[LISTED RECORDS]
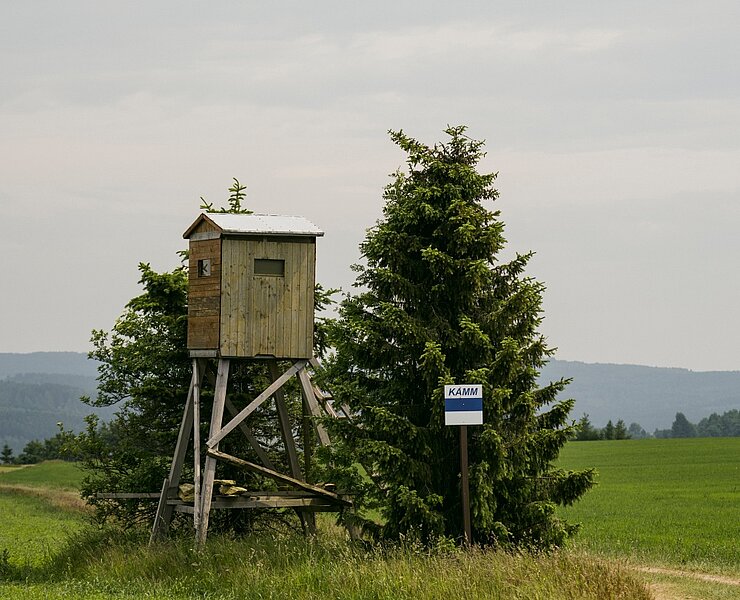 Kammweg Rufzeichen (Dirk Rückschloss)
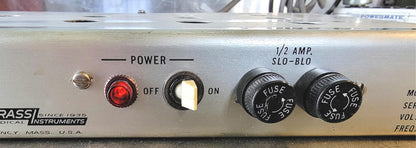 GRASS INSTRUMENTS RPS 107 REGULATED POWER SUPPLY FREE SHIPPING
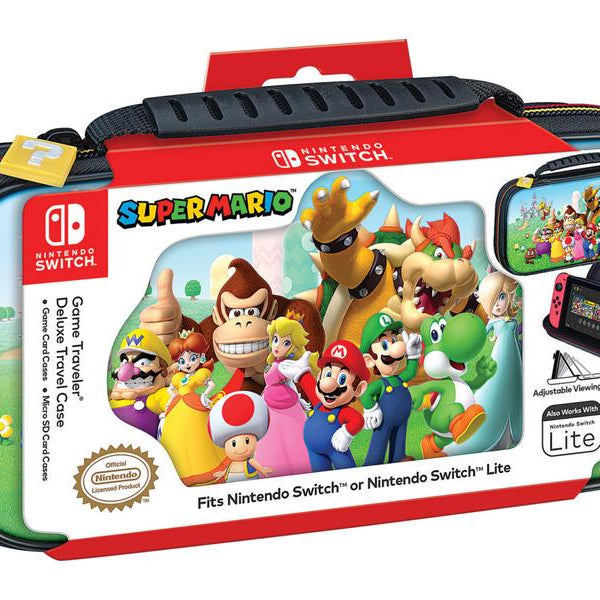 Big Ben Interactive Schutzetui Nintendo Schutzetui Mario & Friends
[/LISTED RECORDS]
[LISTED RECORDS]
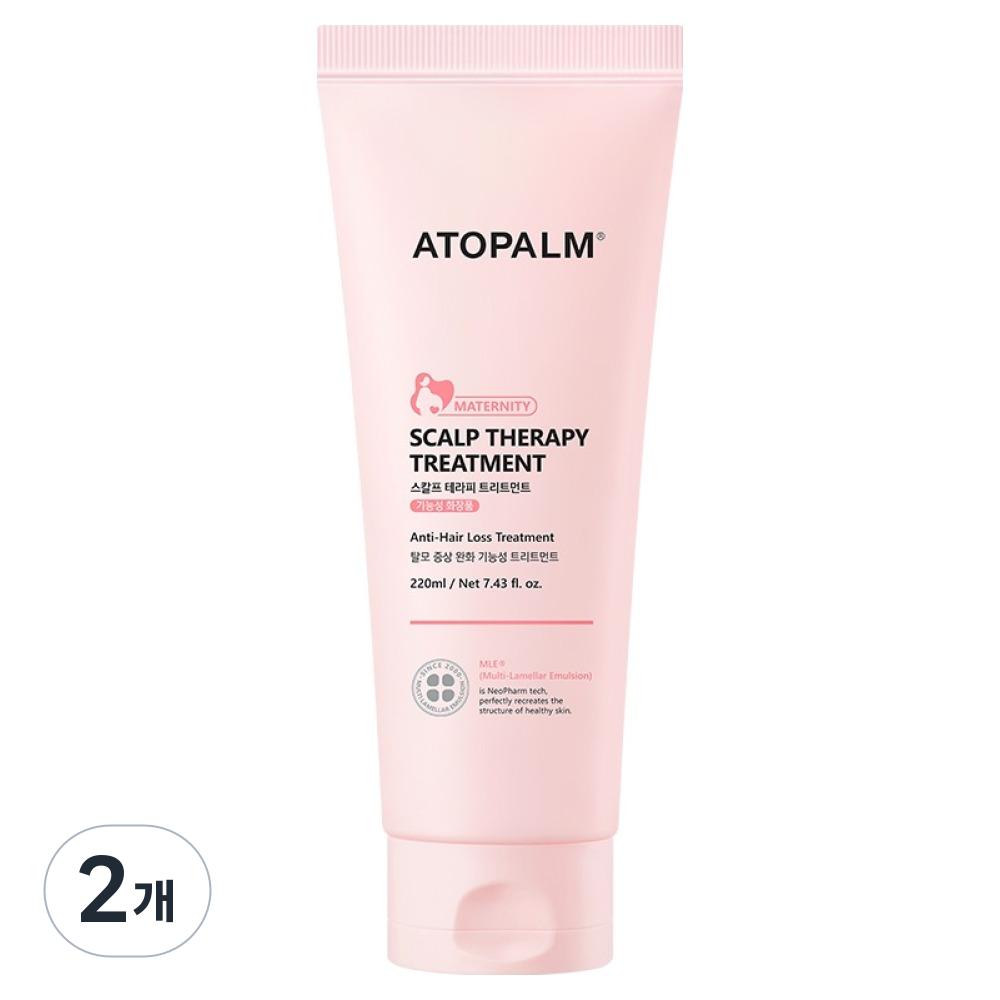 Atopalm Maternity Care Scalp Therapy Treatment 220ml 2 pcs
[/LISTED RECORDS]
> **INSTRUCTIONS TO FOLLOW**
Would you copy out, exactly and with no pictures, only the lines above from the one that contains "GRASS INSTRUMENTS RPS" through the one that contains "Big Ben Interactive"?

> **RESULT FOR THIS TASK**
 GRASS INSTRUMENTS RPS 107 REGULATED POWER SUPPLY FREE SHIPPING
 Big Ben Interactive Schutzetui Nintendo Schutzetui Mario & Friends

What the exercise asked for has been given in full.